En la escuela, las cosas nunca fueron fáciles para ellos. Las maestras de preescolar no sabían qué hacer con el niño. La madre tomó como propia la tarea de capacitar a las maestras, pero percibía que ni la escuela ni el staff tenían interés en hacer ajustes para favorecerlo a él. Solo una de las profesoras decidió involucrarse de lleno. Al final del preescolar, fueron informados que el colegio no podía con el niño. Ese rechazo reabrió la vieja herida del duelo por el hijo que no tenía.

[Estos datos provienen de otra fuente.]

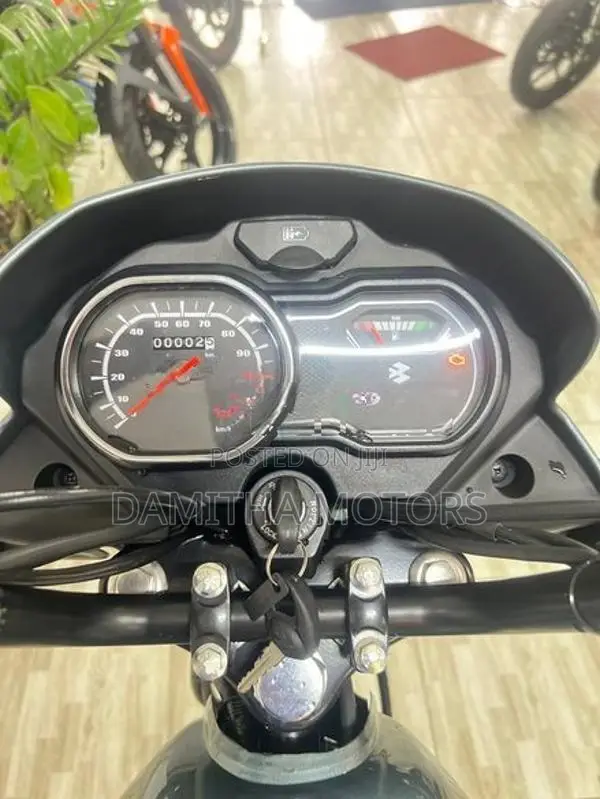 Bajaj Platina 100 Efi 2026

En la primaria, el panorama no mejoró. El niño comenzó a sufrir aislamiento y burlas de sus compañeros por su conducta atípica. Las maestras no supieron controlar la situación y, peor aún, la directora recomendó a la madre “no digas nada del diagnóstico a otras madres de familia”. ¡Qué difícil vivir en una comunidad donde tu condición es desconocida!
La pena fue solitaria hasta que coincidieron con otras familias que tenían también un hijo con síndrome de Asperger. Entre ellas pudieron rebotar ideas, compartir experiencias, desahogarse y, sobretodo, crear comunidad.
La vida les dio un giro cuando encontraron un colegio adecuado para ese hijo que ya cursaba el quinto grado. En esa escuela, podía ser él, con sus tics y formalismos al hablar, sin ser señalado, y, como resultado, comenzó a confiar en sí mismo.
Ahora, a sus catorce años, es un chico con la capacidad de ponerse en el lugar del otro. ¡Y pensar que el diagnóstico de Asperger venía con la sentencia “su hijo nunca podrá sentir empatía”! La madre sonríe orgullosa, lista para el siguiente desafío.